▸ **WORK REQUEST**:
Within the records below, reproduce without change the lines from the line that has "New kitchen with" through the line that has "175 Sylvester Drive Chatham ON N7M 2B8", and only those.

▸ **STUDY MATERIAL**:

════════════════

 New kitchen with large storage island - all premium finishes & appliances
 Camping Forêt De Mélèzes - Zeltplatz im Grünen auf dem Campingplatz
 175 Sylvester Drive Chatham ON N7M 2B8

════════════════

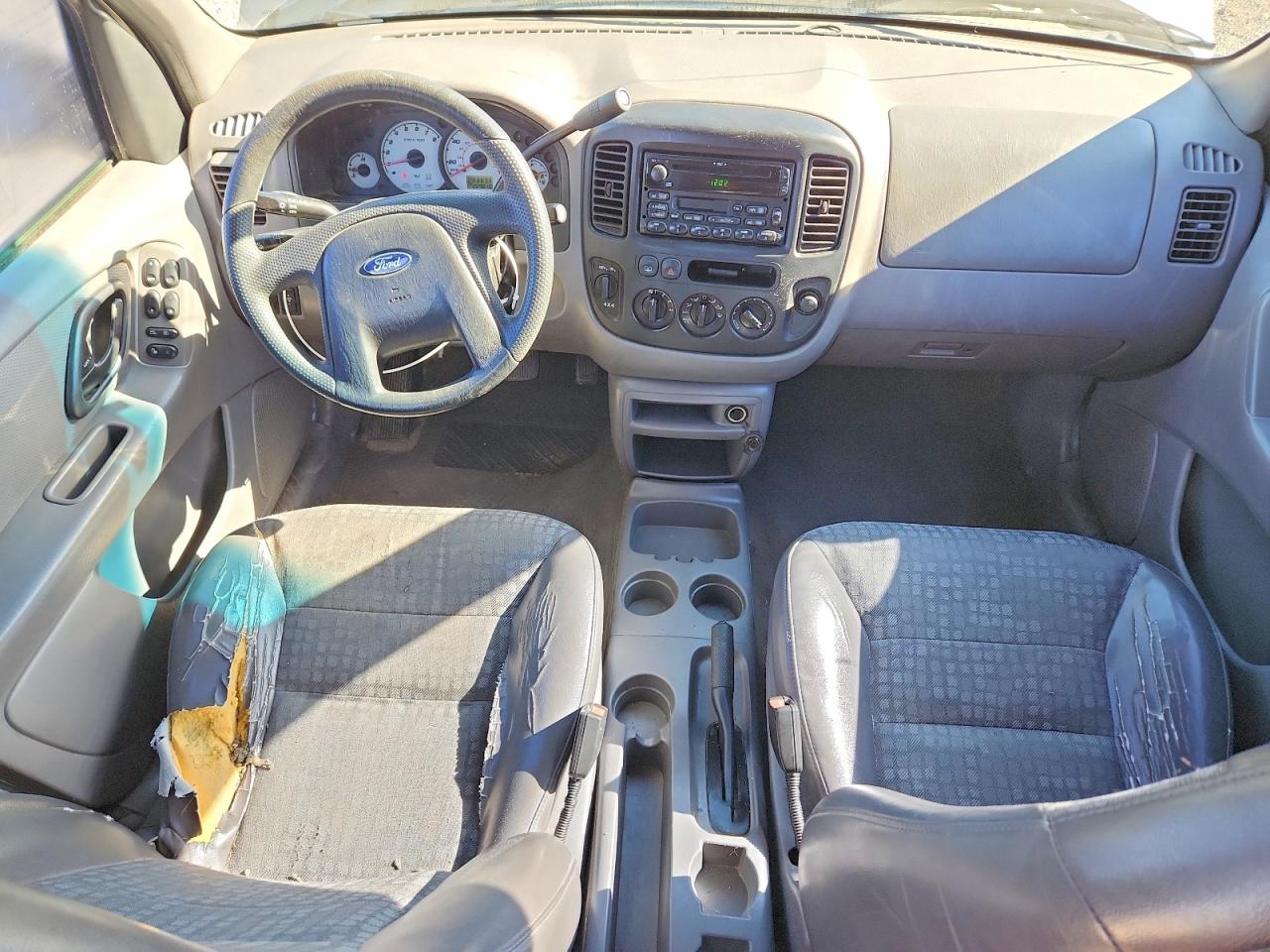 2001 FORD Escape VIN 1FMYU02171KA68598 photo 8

════════════════

▸ **OUTPUT OF THE EXERCISE**:
 New kitchen with large storage island - all premium finishes & appliances
 Camping Forêt De Mélèzes - Zeltplatz im Grünen auf dem Campingplatz
 175 Sylvester Drive Chatham ON N7M 2B8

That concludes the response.